ABOUT THIS TASK:
Output only the lines that run from the line holding "Tailored Trousers" to the end of the entries, both ends included, and skip the pictures.

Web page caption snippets
··········
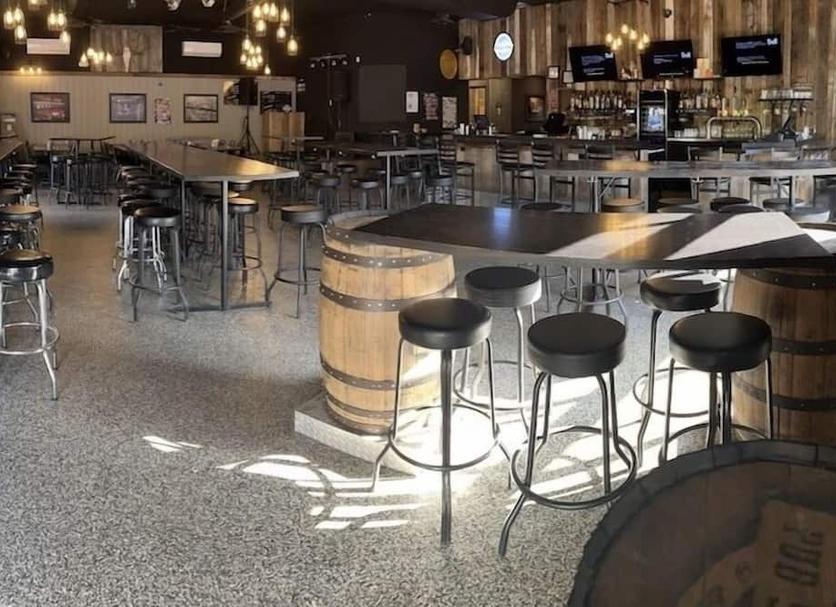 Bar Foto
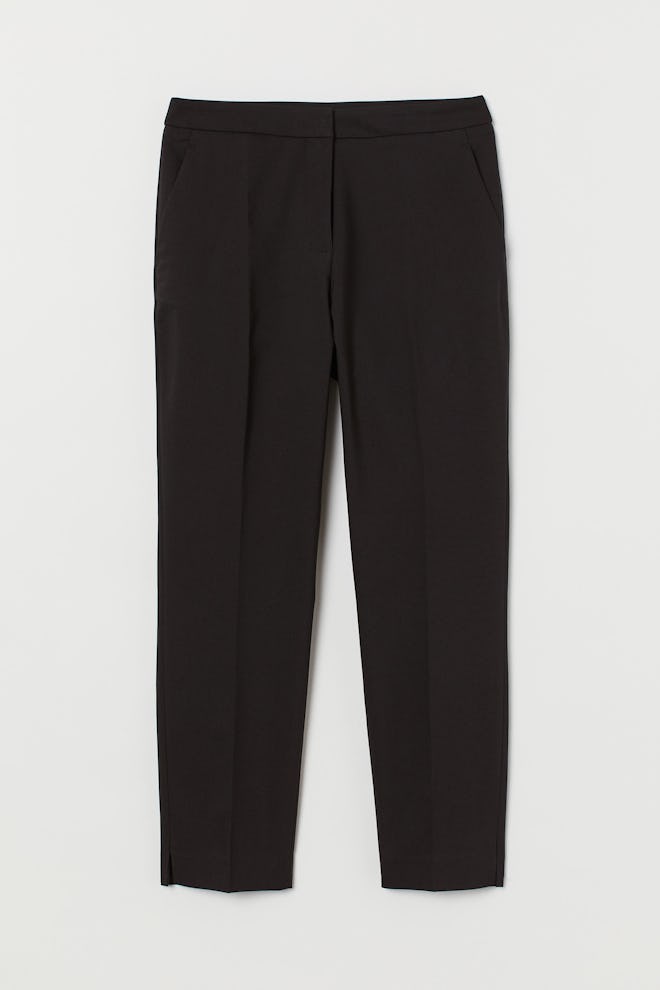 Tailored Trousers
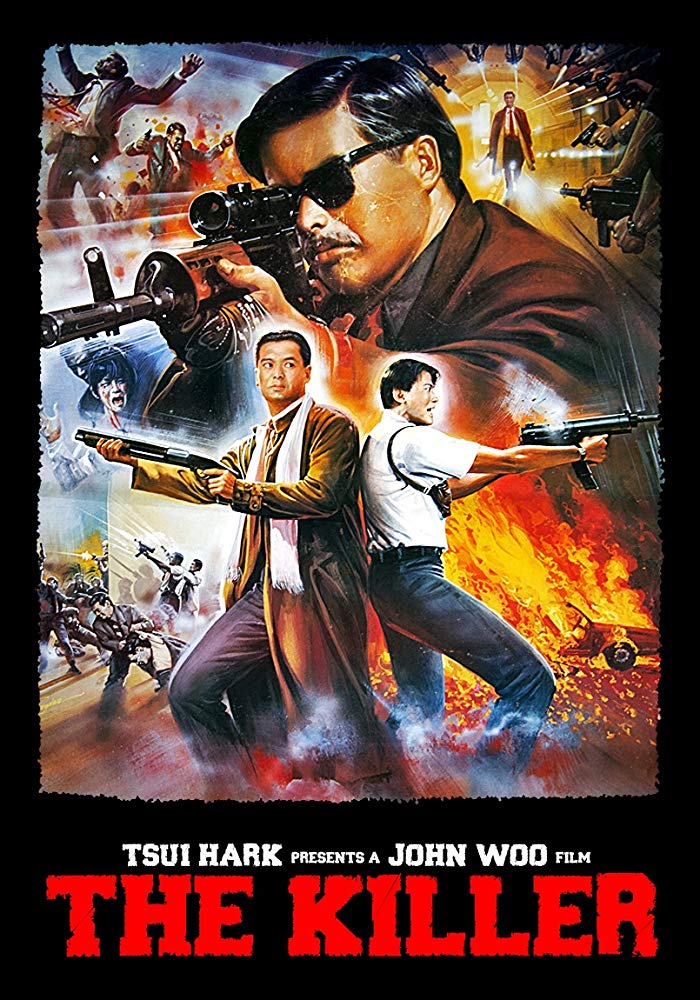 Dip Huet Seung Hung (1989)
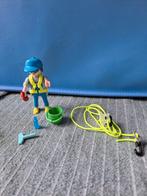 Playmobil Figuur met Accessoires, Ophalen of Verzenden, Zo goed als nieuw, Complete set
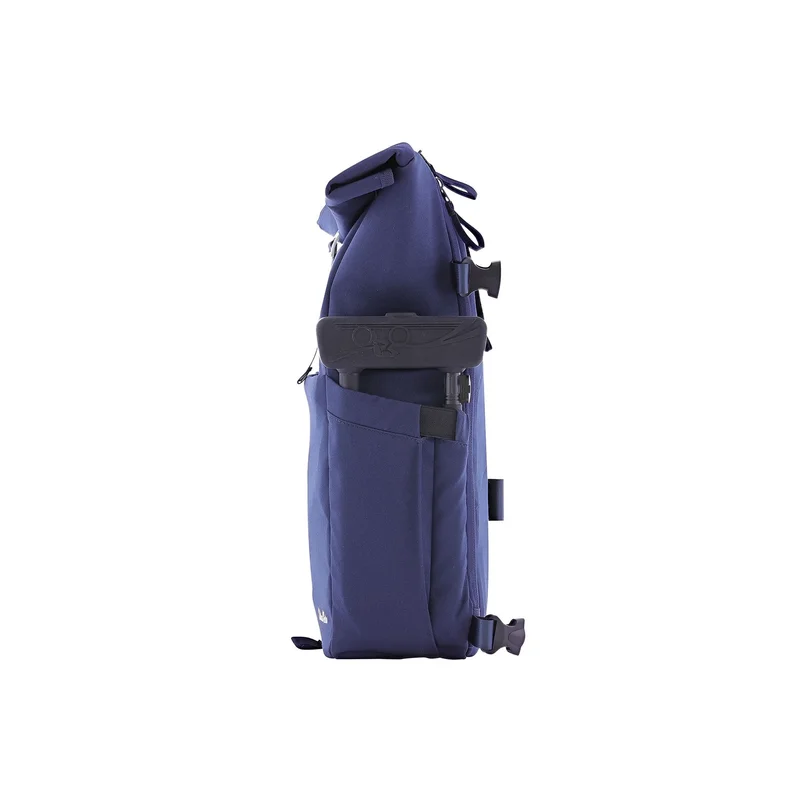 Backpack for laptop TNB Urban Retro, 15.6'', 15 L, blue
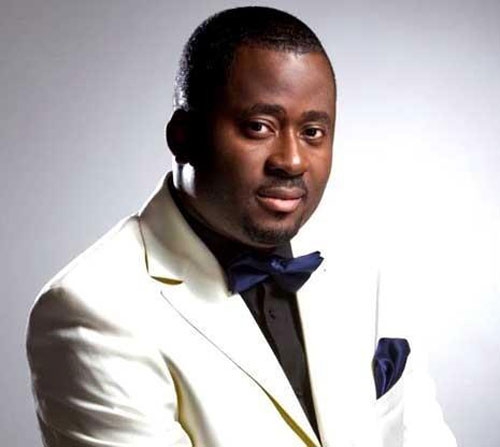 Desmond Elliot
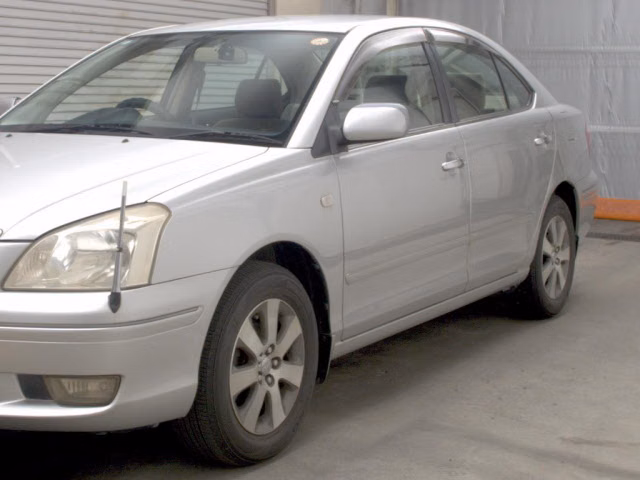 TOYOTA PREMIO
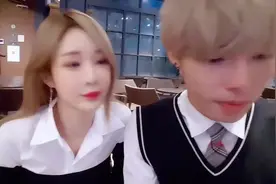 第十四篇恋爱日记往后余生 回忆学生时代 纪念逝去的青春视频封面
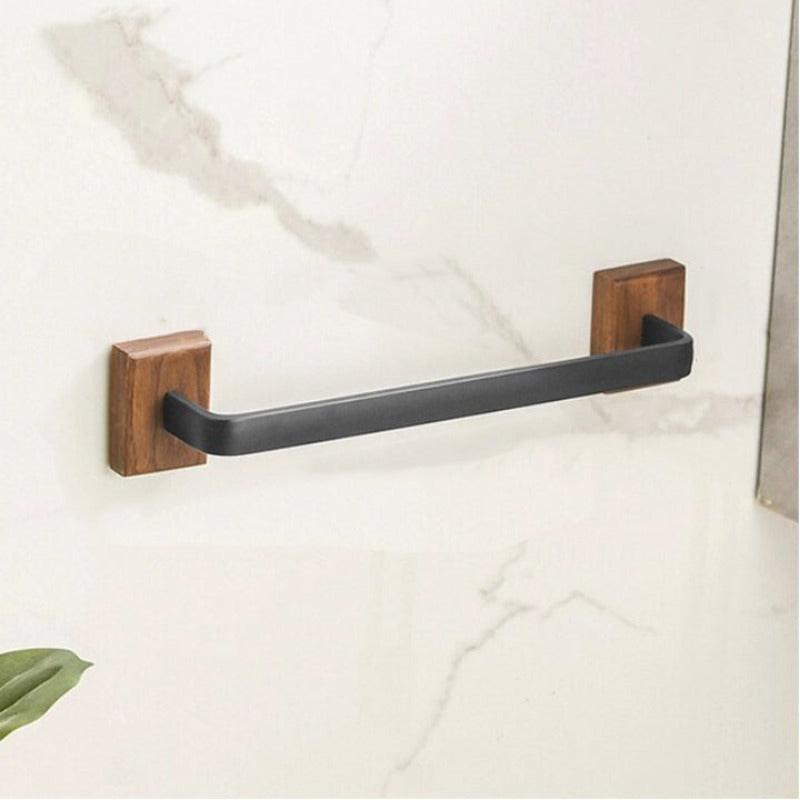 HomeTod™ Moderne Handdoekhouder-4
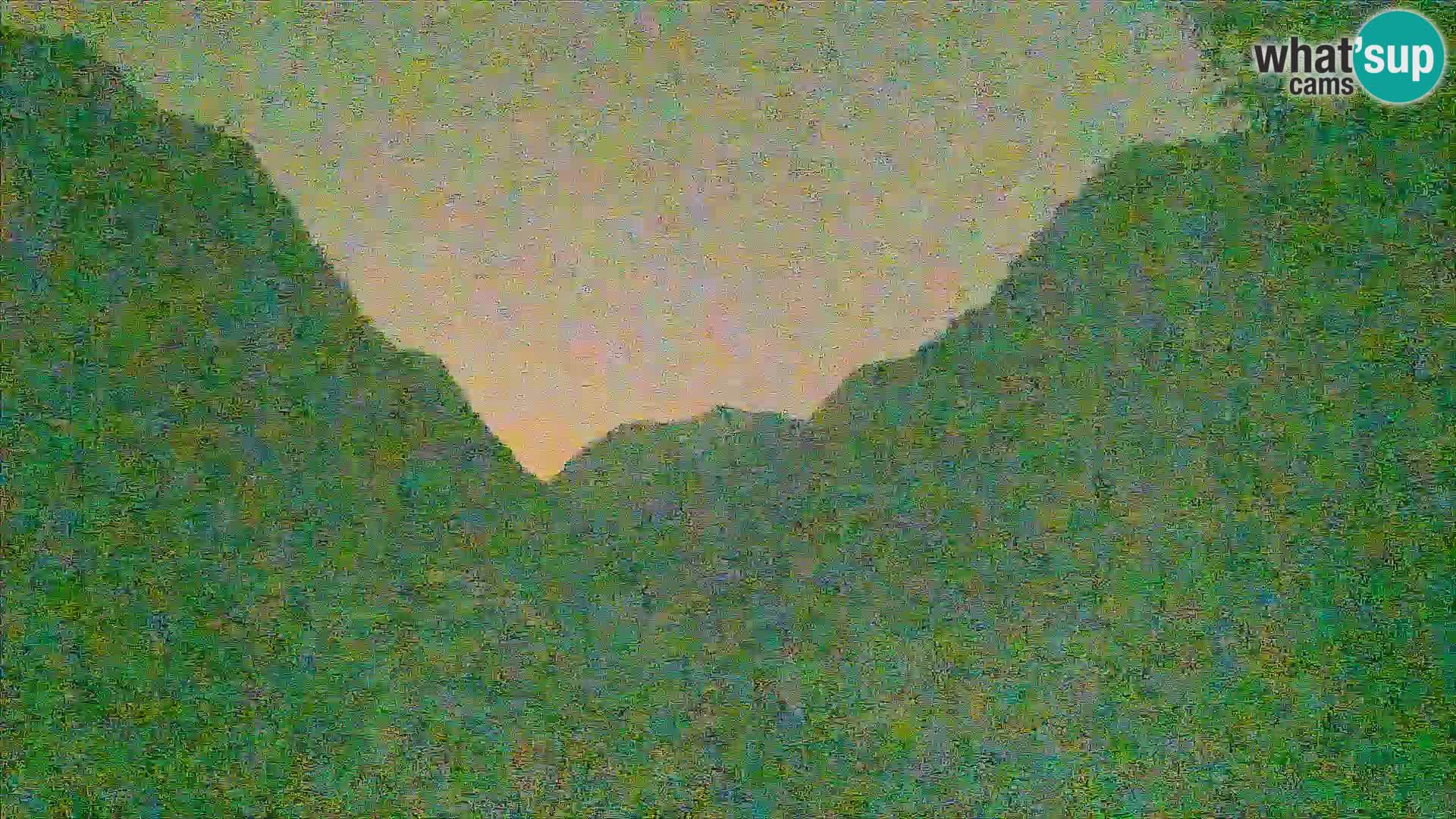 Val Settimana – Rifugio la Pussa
··········
REPLY:
 Tailored Trousers
 Dip Huet Seung Hung (1989)
 Playmobil Figuur met Accessoires, Ophalen of Verzenden, Zo goed als nieuw, Complete set
 Backpack for laptop TNB Urban Retro, 15.6'', 15 L, blue
 Desmond Elliot
 TOYOTA PREMIO
 第十四篇恋爱日记往后余生 回忆学生时代 纪念逝去的青春视频封面
 HomeTod™ Moderne Handdoekhouder-4
 Val Settimana – Rifugio la Pussa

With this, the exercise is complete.